In an extremely small number of cases, medication abortion has been linked to infection with clostridum sordellii, a particularly dangerous type of bacterial infection that’s also a rare complication of miscarriage and childbirth. It can trigger toxic shock syndrome and can be hard to diagnose because patients may have an infection without a fever.
According to the Mifepristone label, people should contact their provider or seek help if they have:
- a fever of 100.4°F or higher that lasts for more than four hours
- severe stomach area (abdominal) pain
- heavy bleeding (soaking through two thick full-size sanitary pads per hour for two hours in a row)
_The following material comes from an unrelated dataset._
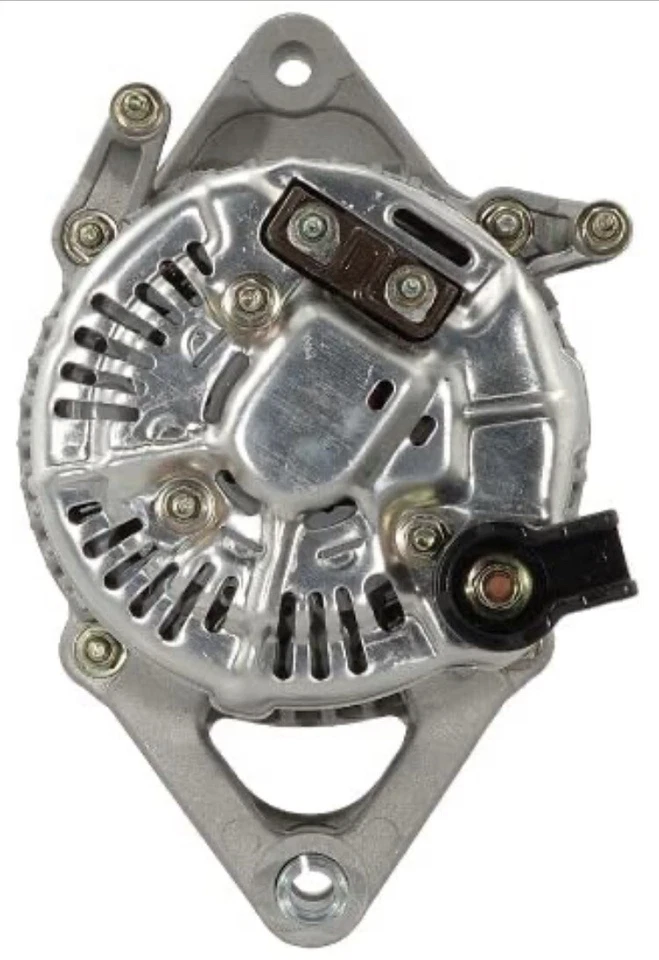 Alternador profesional ACDelco 335-1175 para Dodge Grand Caravan 1988-1989 Foto 3 de 4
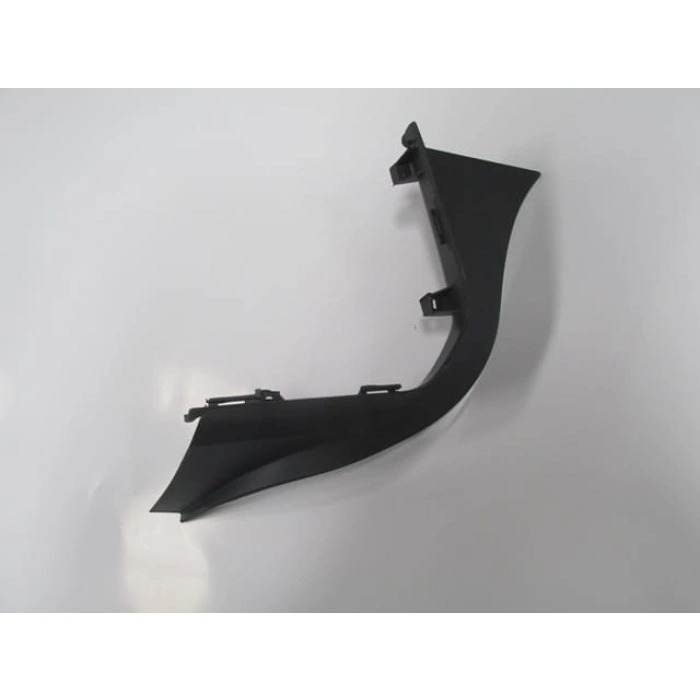 CITROEN C ELYSEE- 12/16; STOP LAMBASI ÜST PLASTİĞİ SAĞ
- stomach pain or discomfort, or I am “feeling sick,” including weakness, nausea, vomiting, or diarrhea, more than 24 hours after taking misoprostol
In the US, medication abortion has an associated mortality rate of less than 1 in 100,000, according to the Kaiser Family Foundation. The mortality rate associated with giving birth is 23.8 deaths per 100,000 live births, according to the CDC. In the United States, there are more deaths annually due to accidental Tylenol overdoses than from all types of abortion.
10. What about the safety of medication abortion provided via telemedicine, without an ultrasound and in-person doctor’s visit first?
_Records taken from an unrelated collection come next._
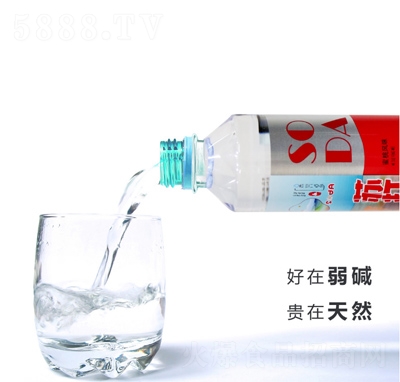 ���dȪ�����L(f��ng)ζ�K��ˮƿ�b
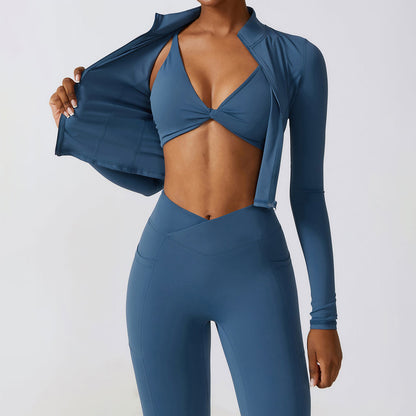 Series 137 Bra Version.1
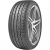 Landsail LS588 UHP 245/45 R19 102Y Landsail LS588 UHP 245/45 R19 102Y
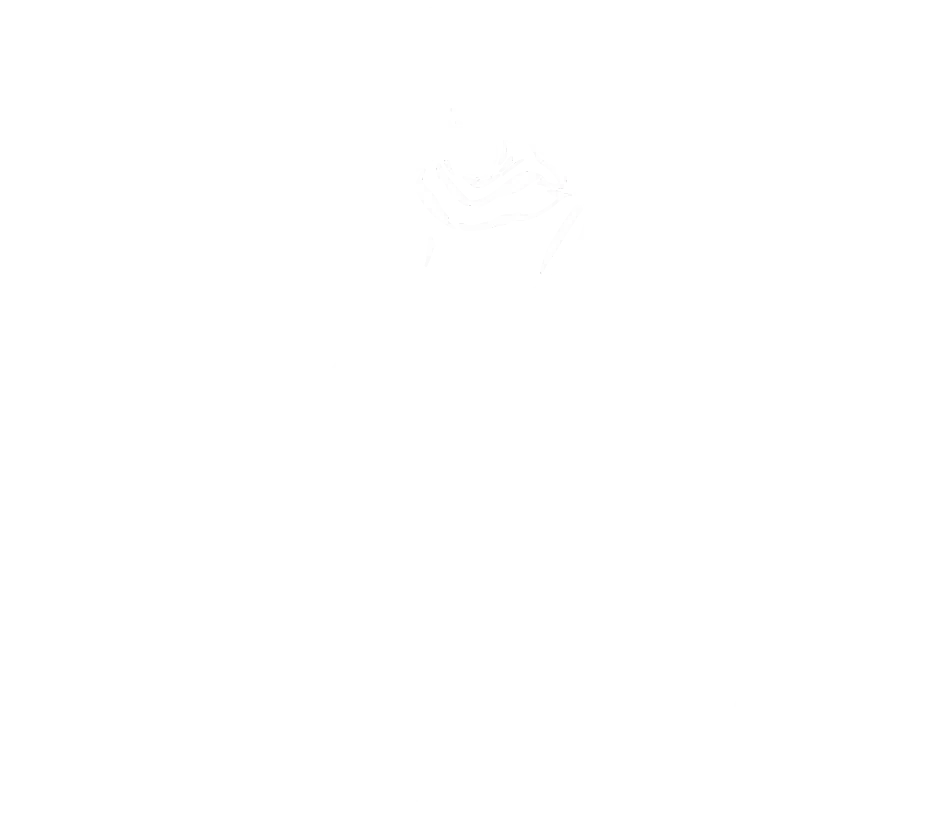 Benediktiner Wirtshaus Attendorn Weiß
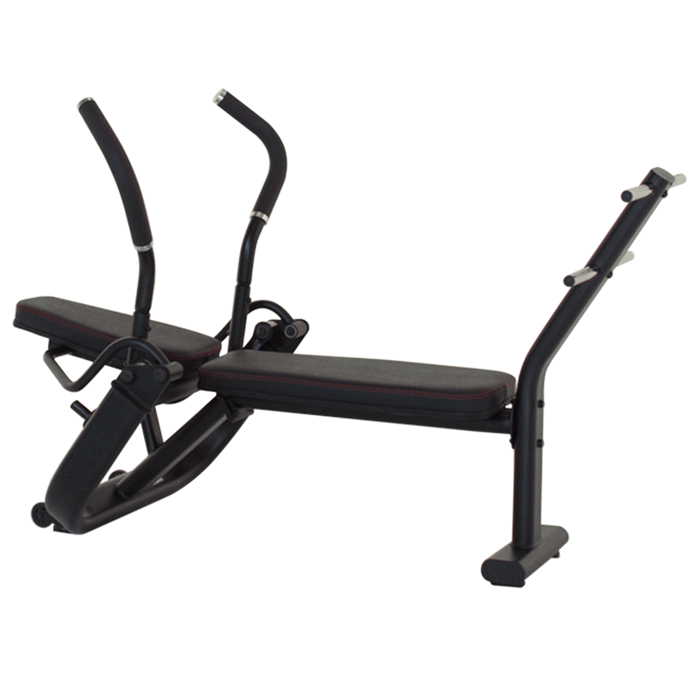 INSPIRE FITNESS AB BENCH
That’s also safe, according to research conducted during the pandemic.
A study published in 2021 looked at more than 50,000 patients in the United Kingdom who received medication abortions. One group had received the pills at an in-person clinic visit that included an ultrasound. The other group received the pills by mail, after a telehealth consultation.
The study found no evidence of worse outcomes linked to telemedicine abortion. It found telemedicine abortion had significant advantages. Patients had shorter waiting times and there was a 40% increase in the number of abortions provided at 6 weeks gestation or less.
The FDA warns against purchasing Mifepristone and Misoprostol outside of the American medical system.
11. Does insurance cover medication abortion?
For someone living in Oregon, often. Medication abortion is covered by the Oregon Health Plan and by many private insurance plans. It is not covered for tribal members who get care through the Indian Health Service, nor to veterans who get care through the VA, due to the Hyde Amendment.
It is not covered for people on a Providence Health Plan.
12. What role will medication abortion play in states where abortion is no longer legal?
If everyone in the United States has access to abortion pills and quality information on how to use them, and when to seek help, it could reduce some of the medical risks associated with a return to illegal abortions. In short, the pills may make illegal or self-managed abortions safer than they were in 1973.
“In terms of what options are for self-managed abortions we’re a world away from where we were,” Bednarek said.
There is some evidence, for example, that the availability of Misoprostol in some Caribbean, Latin American, and African countries has reduced maternal mortality from unsafe abortions.
Self-managed abortion may carry significant legal risks. In some states with laws that oppose abortion, prosecutors have filed homicide charges against people who tried to end their pregnancies outside the medical system. And in Pennsylvania, a mother who bought abortion pills online for her daughter was sentenced to 18 months in prison for violating state abortion regulations.
Bednarek says in states where Planned Parenthood cannot legally provide medication abortion, it can provide information to anyone who has obtained pills outside the regular health care system.
“If patients call us with questions and need help, we are here to support them at any point through their process,” she said.
Anyone who has started the process outside the health care system and is experiencing complications or warning signs can also get help at Planned Parenthood.
“We can still do an ultrasound, we can help them with additional medications or an aspiration procedure if that’s part of what’s needed, we can evaluate them for ectopic pregnancy,” Bednarek said. Patients should “not feel worried that they will be judged or turned in or something like that.”